The present invention relates to electroluminescence elements.
Organic electroluminescence elements (hereinafter, referred to as “organic EL elements”) are employed in displays and lighting devices as light emission elements. One such element basically includes an anode electrode layer, an organic light emission layer, and a cathode electrode layer, which are deposited on a transparent substrate formed of, for example, glass in this order.
The organic EL element emits light when voltage is applied between the anode electrode layer and the cathode electrode layer and thus an electric current flows in the organic light emission layer. Typically, the light emitted by the organic light emission layer passes through an electrode of the anode or cathode electrode layer and is thus sent to the exterior. In this case, at least the electrode through which the light passes is formed by a transparent electrode that transmits the light. The transparent electrode is formed of, typically, ITO (indium tin oxide) or ZnO (zinc oxide), which has a higher volume resistivity than that of an electrode formed of metal, such as aluminum or silver.

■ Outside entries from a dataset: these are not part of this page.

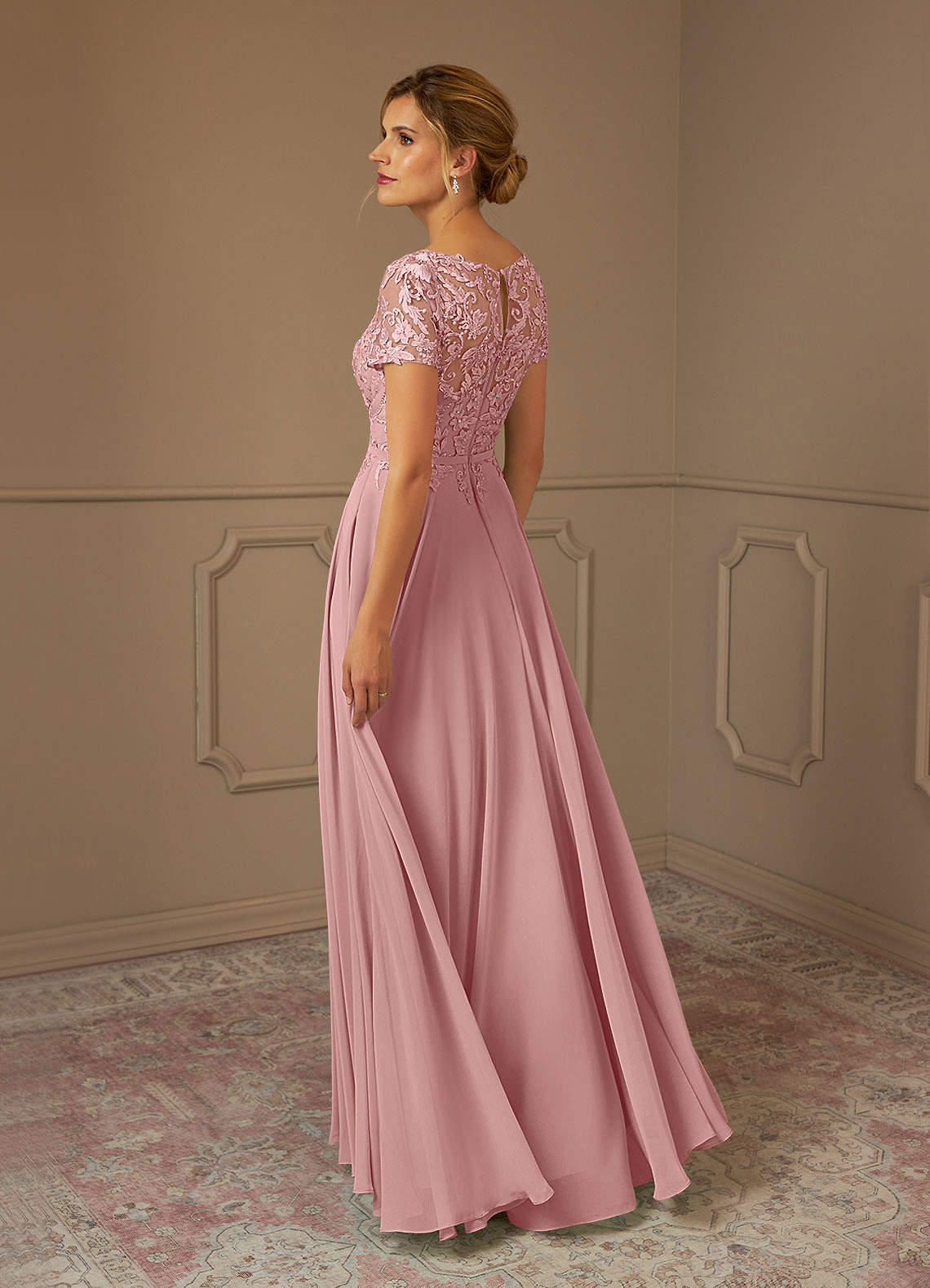 Adina A-Line Boat-Neck Chiffon Mother of the Bride Dress in Dusty Rose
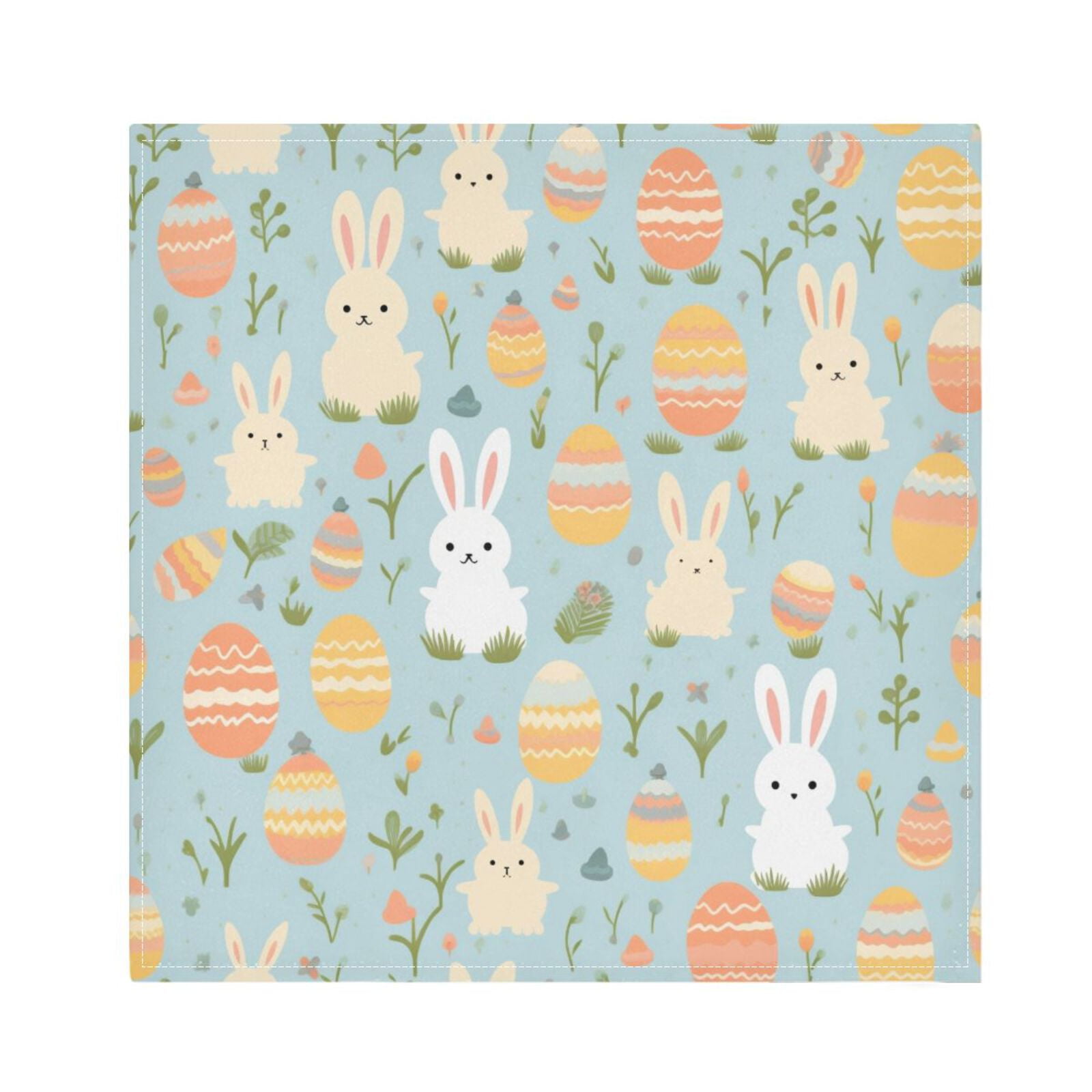 JSTEL Rabbit Eggs Easter Cloth Napkins Set of 6, 20x20 Inch Washable and Reusable Napkin for Decoupage Dinner Party Everyday Use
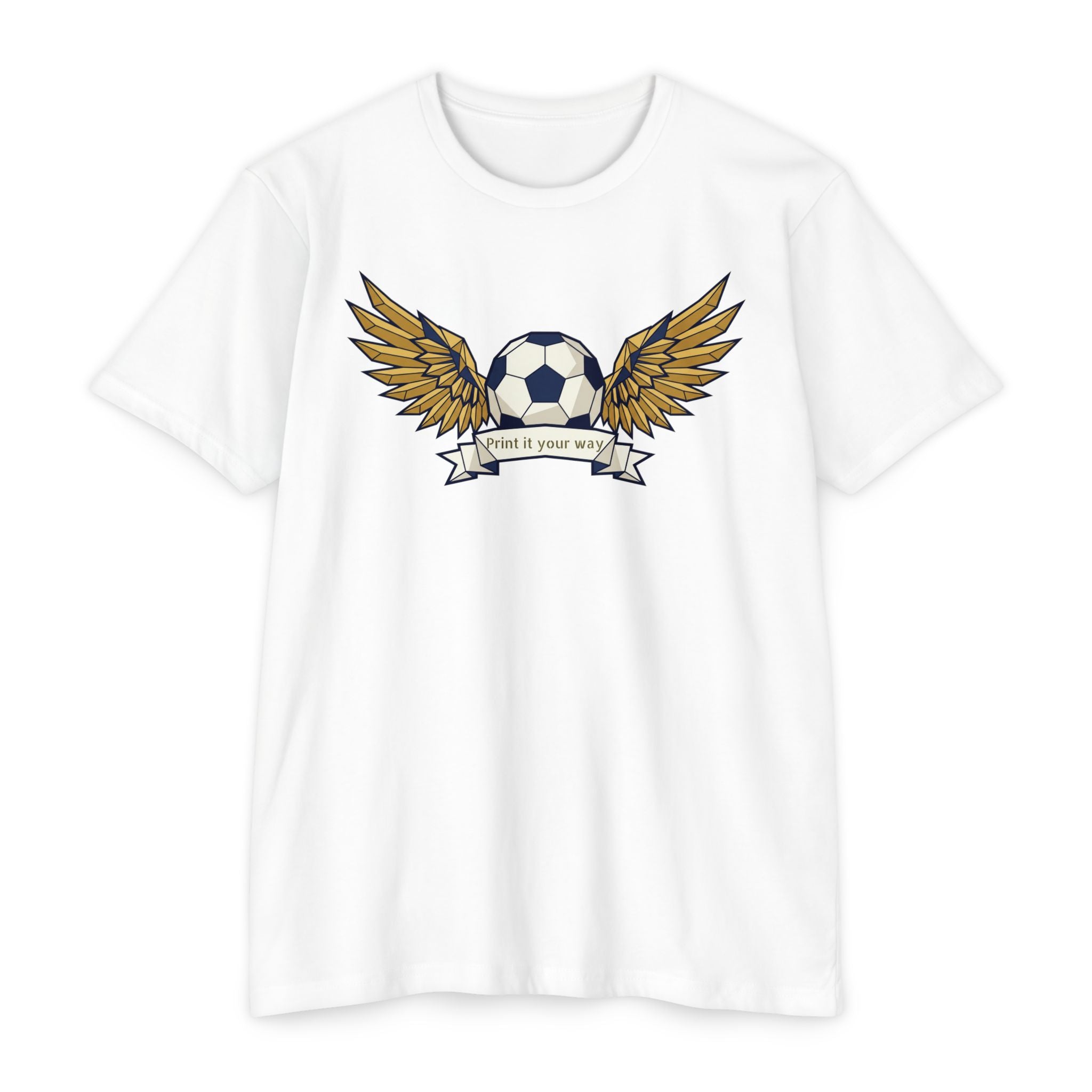 Custom Soccer T-Shirt Personalized Winged Soccer Ball Banner Tee Add Your Name or Team Gift Unisex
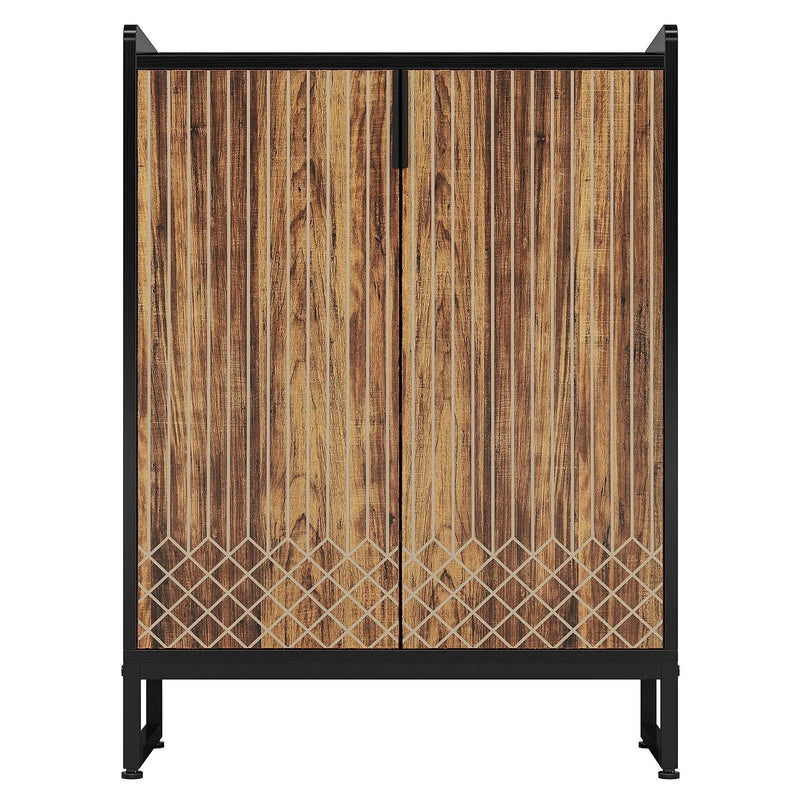 5 Tier Shoe Cabinet With Doors, Compact Entryway Storage Organizer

The brightness of the organic EL element is influenced by the current density of the organic light emission layer and becomes greater as the current density becomes higher. If the transparent electrode is formed of ITO, the difference between the electric resistance value from a power supply terminal to a portion of the electrode closer to the power supply terminal and the electric resistance value from the power supply terminal to a portion of the electrode far from the power supply terminal becomes relatively large. This results in a relatively great difference between the current densities of the corresponding portions of the organic light emission layer. Accordingly, the brightness of the light emission zone of the organic EL element may become non-uniform.
In one method of adjusting the brightness distribution of the organic EL element, as described in Japanese Laid-Open Patent Publication No. 2003-123990, a transparent electrode is combined with an auxiliary electrode that is formed of metal with relatively high electric conductivity. More specifically, as shown in FIG. 15, the method employs an auxiliary electrode 52 including a contact portion. The contact portion has three sides that are held in contact with a transparent anode electrode layer 51, which is deposited on a substrate 50.
In this method, the auxiliary electrode 52 is provided around the transparent anode electrode layer 51. The brightness distribution of the organic EL element is thus adjusted by lowering the electric resistance of a portion of the transparent anode electrode layer 51 corresponding to the auxiliary electrode 52. However, even in the auxiliary electrode 52, the difference between the electric resistance value from a power supply terminal to a portion of the auxiliary electrode 52 closer to the power supply terminal and the electric resistance value from the power supply terminal to a portion of the auxiliary electrode 52 far from the power supply terminal becomes relatively large. This decreases the current density of a portion of the organic light emission layer far from the power supply terminal, lowering the brightness of the portion correspondingly.
Similar problems occur also in inorganic EL elements.